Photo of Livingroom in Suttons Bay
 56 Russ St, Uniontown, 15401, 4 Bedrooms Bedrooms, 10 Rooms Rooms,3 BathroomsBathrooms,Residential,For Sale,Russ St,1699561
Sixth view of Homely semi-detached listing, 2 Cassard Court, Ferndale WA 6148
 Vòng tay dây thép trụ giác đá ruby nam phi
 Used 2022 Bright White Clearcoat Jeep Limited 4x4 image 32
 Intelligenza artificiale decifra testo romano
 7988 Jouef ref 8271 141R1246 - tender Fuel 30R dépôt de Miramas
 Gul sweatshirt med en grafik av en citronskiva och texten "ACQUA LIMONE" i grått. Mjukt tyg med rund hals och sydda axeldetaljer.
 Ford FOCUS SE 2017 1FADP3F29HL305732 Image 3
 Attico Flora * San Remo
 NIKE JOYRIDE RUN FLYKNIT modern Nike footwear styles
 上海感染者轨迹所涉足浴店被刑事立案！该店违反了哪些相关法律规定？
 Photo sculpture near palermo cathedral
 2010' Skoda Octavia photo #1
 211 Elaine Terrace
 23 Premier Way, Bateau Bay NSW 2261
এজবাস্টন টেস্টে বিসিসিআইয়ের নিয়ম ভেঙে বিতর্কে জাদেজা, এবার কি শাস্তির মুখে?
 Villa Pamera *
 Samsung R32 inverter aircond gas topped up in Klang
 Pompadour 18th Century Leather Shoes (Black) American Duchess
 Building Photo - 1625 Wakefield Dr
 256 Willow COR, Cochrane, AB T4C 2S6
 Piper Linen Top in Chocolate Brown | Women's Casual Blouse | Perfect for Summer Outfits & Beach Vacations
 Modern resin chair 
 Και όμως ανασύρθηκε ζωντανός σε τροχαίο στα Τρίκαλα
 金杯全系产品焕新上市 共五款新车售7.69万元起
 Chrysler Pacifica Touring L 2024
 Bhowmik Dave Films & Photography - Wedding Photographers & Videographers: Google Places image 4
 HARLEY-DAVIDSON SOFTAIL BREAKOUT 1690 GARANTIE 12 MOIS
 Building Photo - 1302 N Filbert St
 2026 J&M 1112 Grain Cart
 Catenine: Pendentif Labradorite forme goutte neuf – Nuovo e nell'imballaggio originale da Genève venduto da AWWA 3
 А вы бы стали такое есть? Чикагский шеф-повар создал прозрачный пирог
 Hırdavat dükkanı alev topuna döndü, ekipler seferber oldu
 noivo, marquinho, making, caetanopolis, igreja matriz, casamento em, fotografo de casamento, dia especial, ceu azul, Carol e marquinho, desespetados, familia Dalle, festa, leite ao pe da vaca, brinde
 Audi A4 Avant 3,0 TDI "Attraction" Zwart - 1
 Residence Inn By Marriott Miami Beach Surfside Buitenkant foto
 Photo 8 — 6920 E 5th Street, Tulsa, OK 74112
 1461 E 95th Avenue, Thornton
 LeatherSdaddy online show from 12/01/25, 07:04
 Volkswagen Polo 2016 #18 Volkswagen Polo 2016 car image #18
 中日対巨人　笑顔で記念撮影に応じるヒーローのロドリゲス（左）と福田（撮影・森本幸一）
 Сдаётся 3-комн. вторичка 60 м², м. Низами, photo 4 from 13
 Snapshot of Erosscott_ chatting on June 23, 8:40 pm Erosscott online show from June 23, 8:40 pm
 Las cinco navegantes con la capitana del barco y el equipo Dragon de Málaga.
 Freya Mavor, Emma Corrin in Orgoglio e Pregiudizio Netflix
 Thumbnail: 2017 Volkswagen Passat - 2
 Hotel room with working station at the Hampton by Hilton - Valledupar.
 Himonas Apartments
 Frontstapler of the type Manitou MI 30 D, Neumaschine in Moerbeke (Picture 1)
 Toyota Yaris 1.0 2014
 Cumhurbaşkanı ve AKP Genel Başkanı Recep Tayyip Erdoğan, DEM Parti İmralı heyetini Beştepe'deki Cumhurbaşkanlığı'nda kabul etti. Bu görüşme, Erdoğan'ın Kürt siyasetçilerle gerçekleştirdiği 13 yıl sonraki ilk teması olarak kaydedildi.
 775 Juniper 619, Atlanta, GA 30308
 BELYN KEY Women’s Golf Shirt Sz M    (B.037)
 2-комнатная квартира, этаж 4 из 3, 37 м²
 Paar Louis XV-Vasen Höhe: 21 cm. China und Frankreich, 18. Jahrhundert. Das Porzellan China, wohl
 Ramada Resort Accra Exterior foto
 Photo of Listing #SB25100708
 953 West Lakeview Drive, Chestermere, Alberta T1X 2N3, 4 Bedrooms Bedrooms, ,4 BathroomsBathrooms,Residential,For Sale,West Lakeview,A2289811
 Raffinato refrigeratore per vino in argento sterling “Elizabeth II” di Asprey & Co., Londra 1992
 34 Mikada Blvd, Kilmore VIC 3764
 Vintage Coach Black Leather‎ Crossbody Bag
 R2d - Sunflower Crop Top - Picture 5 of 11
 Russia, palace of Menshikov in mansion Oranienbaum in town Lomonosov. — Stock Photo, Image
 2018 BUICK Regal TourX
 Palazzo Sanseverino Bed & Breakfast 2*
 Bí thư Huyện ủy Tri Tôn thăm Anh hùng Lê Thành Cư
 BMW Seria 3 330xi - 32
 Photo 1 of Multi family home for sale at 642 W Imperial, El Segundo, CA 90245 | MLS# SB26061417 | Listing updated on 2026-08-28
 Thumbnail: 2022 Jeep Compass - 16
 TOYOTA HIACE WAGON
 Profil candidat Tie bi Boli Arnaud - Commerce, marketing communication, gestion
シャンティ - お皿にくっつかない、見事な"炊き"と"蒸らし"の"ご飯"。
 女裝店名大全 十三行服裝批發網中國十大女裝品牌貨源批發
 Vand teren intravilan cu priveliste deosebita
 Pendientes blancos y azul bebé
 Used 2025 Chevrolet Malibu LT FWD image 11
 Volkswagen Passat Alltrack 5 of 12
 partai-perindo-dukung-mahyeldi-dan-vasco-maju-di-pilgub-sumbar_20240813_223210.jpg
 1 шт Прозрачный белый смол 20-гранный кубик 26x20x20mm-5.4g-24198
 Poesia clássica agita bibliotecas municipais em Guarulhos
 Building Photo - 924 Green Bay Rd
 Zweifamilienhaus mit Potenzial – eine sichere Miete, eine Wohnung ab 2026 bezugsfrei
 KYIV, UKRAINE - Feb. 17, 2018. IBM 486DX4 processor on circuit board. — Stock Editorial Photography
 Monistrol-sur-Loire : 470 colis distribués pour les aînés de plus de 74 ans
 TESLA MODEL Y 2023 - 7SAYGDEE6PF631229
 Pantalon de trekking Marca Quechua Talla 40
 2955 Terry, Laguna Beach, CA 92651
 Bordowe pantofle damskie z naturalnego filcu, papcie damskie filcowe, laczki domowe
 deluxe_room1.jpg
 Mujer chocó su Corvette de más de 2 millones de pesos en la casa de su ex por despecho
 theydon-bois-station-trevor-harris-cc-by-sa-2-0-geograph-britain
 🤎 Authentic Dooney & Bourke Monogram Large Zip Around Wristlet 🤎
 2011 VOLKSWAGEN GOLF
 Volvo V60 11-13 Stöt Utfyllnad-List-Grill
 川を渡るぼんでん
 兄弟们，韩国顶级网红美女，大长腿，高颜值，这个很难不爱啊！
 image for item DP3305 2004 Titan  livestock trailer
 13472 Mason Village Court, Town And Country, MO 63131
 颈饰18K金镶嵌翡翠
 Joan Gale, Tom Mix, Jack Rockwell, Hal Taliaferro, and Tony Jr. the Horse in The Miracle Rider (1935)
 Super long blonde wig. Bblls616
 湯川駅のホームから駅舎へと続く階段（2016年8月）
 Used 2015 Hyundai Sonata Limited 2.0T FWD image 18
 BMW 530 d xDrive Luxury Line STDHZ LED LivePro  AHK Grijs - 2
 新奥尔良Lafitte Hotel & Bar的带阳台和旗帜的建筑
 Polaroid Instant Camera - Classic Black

__________

— YOUR GOAL —
Restate, word for word and without additions, every line from the top of the listing above through the line that contains "Gul sweatshirt med".

— SOLUTION TO THIS EXERCISE —
Photo of Livingroom in Suttons Bay
 56 Russ St, Uniontown, 15401, 4 Bedrooms Bedrooms, 10 Rooms Rooms,3 BathroomsBathrooms,Residential,For Sale,Russ St,1699561
Sixth view of Homely semi-detached listing, 2 Cassard Court, Ferndale WA 6148
 Vòng tay dây thép trụ giác đá ruby nam phi
 Used 2022 Bright White Clearcoat Jeep Limited 4x4 image 32
 Intelligenza artificiale decifra testo romano
 7988 Jouef ref 8271 141R1246 - tender Fuel 30R dépôt de Miramas
 Gul sweatshirt med en grafik av en citronskiva och texten "ACQUA LIMONE" i grått. Mjukt tyg med rund hals och sydda axeldetaljer.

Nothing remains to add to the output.